▶ **Your goal**: From the first line to the last, give the listing again exactly.

..........

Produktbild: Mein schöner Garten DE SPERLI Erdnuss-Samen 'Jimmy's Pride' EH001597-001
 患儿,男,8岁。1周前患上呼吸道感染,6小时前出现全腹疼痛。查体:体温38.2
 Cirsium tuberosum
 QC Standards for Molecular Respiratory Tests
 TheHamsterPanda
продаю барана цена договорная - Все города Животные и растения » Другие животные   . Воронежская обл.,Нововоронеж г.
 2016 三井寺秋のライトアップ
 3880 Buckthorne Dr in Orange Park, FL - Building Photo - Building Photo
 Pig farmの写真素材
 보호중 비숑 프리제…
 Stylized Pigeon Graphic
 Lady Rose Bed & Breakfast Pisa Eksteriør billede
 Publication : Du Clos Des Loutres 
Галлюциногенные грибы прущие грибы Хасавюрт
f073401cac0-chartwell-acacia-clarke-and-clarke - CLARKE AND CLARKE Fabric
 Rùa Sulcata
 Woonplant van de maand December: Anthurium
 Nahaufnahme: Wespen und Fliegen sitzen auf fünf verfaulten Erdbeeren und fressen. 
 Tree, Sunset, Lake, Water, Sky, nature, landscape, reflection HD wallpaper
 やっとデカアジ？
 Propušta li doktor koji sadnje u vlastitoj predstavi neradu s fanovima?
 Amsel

..........

▶ **Written answer**:
Produktbild: Mein schöner Garten DE SPERLI Erdnuss-Samen 'Jimmy's Pride' EH001597-001
 患儿,男,8岁。1周前患上呼吸道感染,6小时前出现全腹疼痛。查体:体温38.2
 Cirsium tuberosum
 QC Standards for Molecular Respiratory Tests
 TheHamsterPanda
продаю барана цена договорная - Все города Животные и растения » Другие животные   . Воронежская обл.,Нововоронеж г.
 2016 三井寺秋のライトアップ
 3880 Buckthorne Dr in Orange Park, FL - Building Photo - Building Photo
 Pig farmの写真素材
 보호중 비숑 프리제…
 Stylized Pigeon Graphic
 Lady Rose Bed & Breakfast Pisa Eksteriør billede
 Publication : Du Clos Des Loutres 
Галлюциногенные грибы прущие грибы Хасавюрт
f073401cac0-chartwell-acacia-clarke-and-clarke - CLARKE AND CLARKE Fabric
 Rùa Sulcata
 Woonplant van de maand December: Anthurium
 Nahaufnahme: Wespen und Fliegen sitzen auf fünf verfaulten Erdbeeren und fressen. 
 Tree, Sunset, Lake, Water, Sky, nature, landscape, reflection HD wallpaper
 やっとデカアジ？
 Propušta li doktor koji sadnje u vlastitoj predstavi neradu s fanovima?
 Amsel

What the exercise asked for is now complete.